Oak Park left holding the bag (of coins)

By Bill Dwyer For Chronicle Media
Cook 030216 OP parking meters PHOTO

Oak Park has literally tons of coins collected from parking meters sitting in Village Hall after a contracted armored-car company abruptly stopped picking up the coins. (Photo by Bill Dwyer/for Chronicle Media)

At first glance, we’d all like to have the problem near west suburban Oak Park currently has: tons of cash lying around.
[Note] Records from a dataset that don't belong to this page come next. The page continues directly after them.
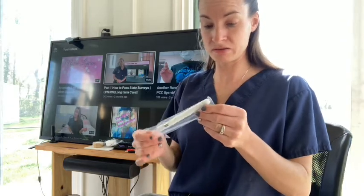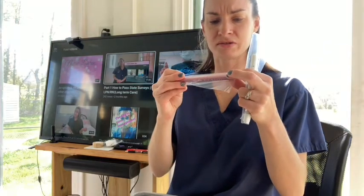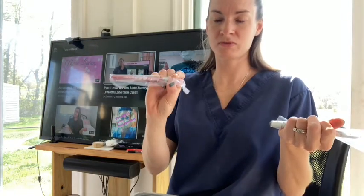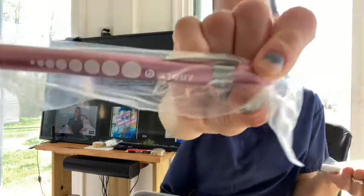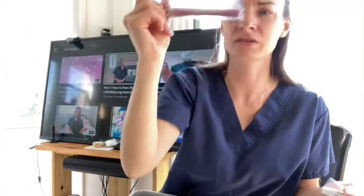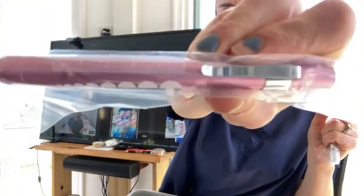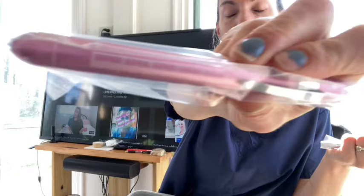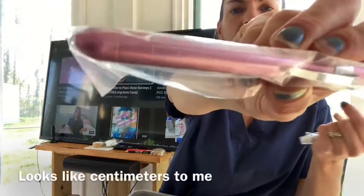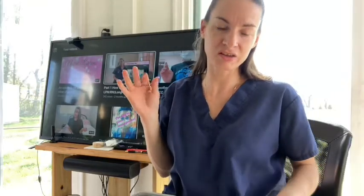It comes with pin lights, a ruler — though it doesn't say the units — and a pupil gauge. The ruler is on it right there but it doesn't say millimeters or centimeters. I definitely needed a pen light because I only had this keychain thing that had a light on it, so it comes with two of these.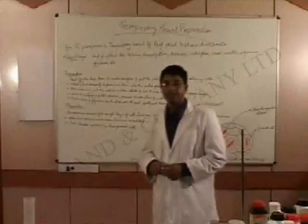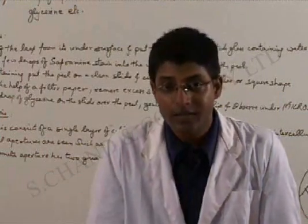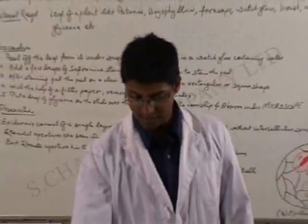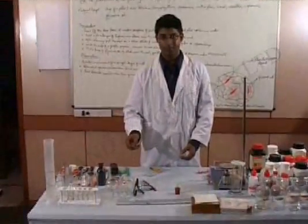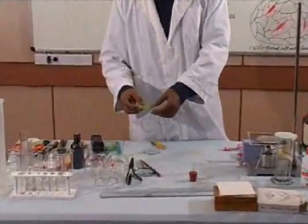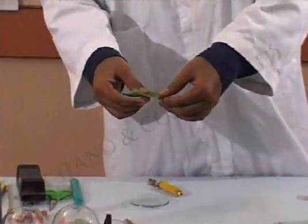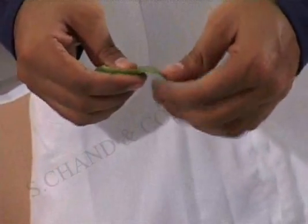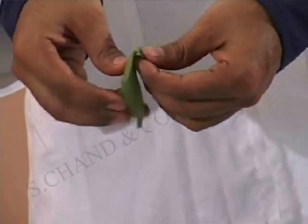Now this is the experiment that we are going to do. So students, we start the experiment now. As you can see, I have a leaf here. Now I will be making a slide of this leaf. Hold the leaf and bend it inwards and peel it very slowly.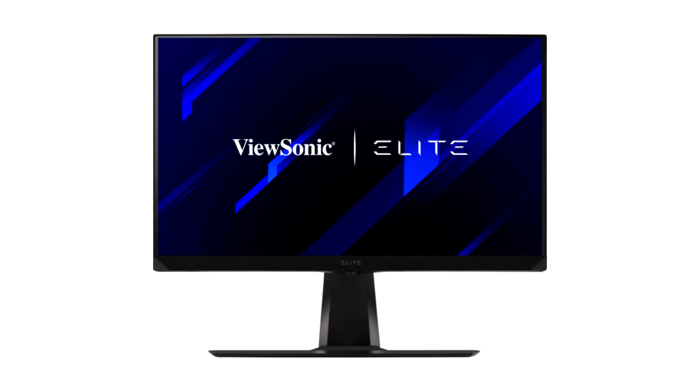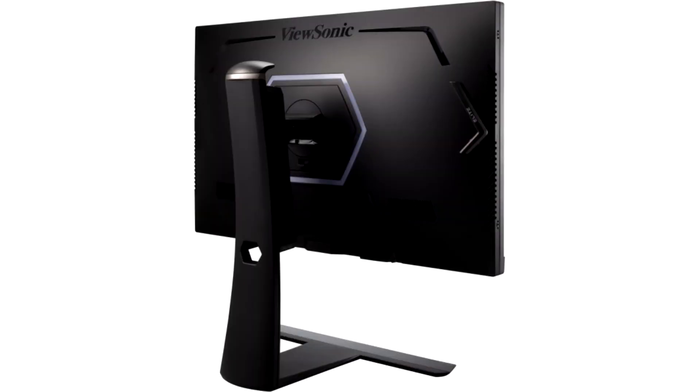The range of functions is still too limited to compete with first-class competition such as the Gigabyte Aorus AD27QD. The advantages of the fast response time and refresh rate of the Nano IPS panel over the competition are not without compromises.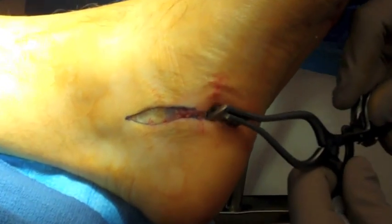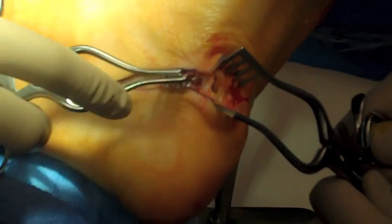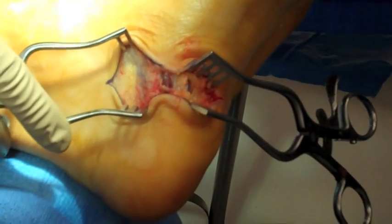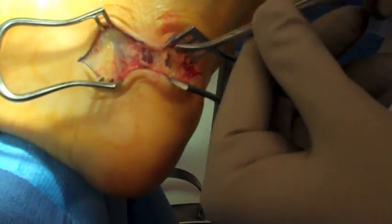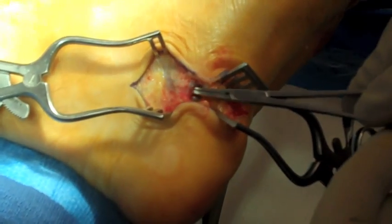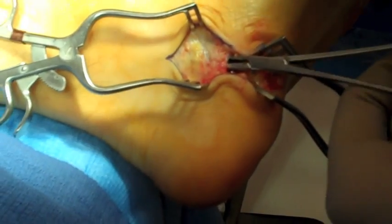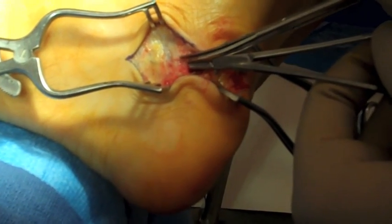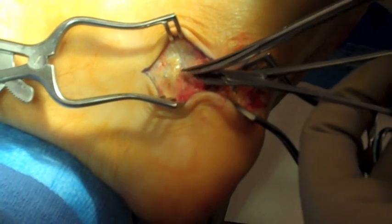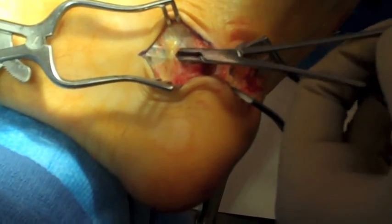Wheatlaner retractors are then inserted into the surgical site to expose the area, both at the most distal and proximal aspects. The abductor muscle belly is visible beneath the deep fascia. Hemostats are used to elevate the deep fascia off the abductor hallucis muscle belly and to free the tissue. This is a safe method to release the deep fascia without injury to the underlying muscle belly.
But it’s become a real problem. After the village’s contracted armored-car company abruptly stopped picking up coins collected from the village’s 1,500 parking meters, officials were left scrambling to find a way to store a steadily growing pile of quarters, dimes and nickels as they searched for a new armored service.

Village Manager Cara Pavlicek said Wednesday the problem started in early February, when, she said, the armored car company contracted by the village stopped taking loose coins to the bank.

“They just quit doing it,” she said.

Chief Financial Officer Craig Lesner called the company after village cashiers told him they hadn’t seen or heard from them for three days.

“We’re not allowed to count coins. We’re not a bank,” Pavlicek said Lesner was told.

Pavlicek said the village is looking forward to the day that all parking meters are fully digitized and coins are no longer used in them, but that day is still a ways off. In the meantime, coins are piling up at a rate only the tooth fairy could love.

The village has slowed down collections, to once a week instead of twice weekly. But as anyone who has driven around looking for a parking space knows, parking space is in high demand in Oak Park.

Some numbers show the village’s predicament. The estimated 1,500 parking meters are regulated 10 hours a day, six days a week (from 8 a.m. to 6 p.m., Monday through Saturday). Each meter costs between 75 cents and $1 an hour.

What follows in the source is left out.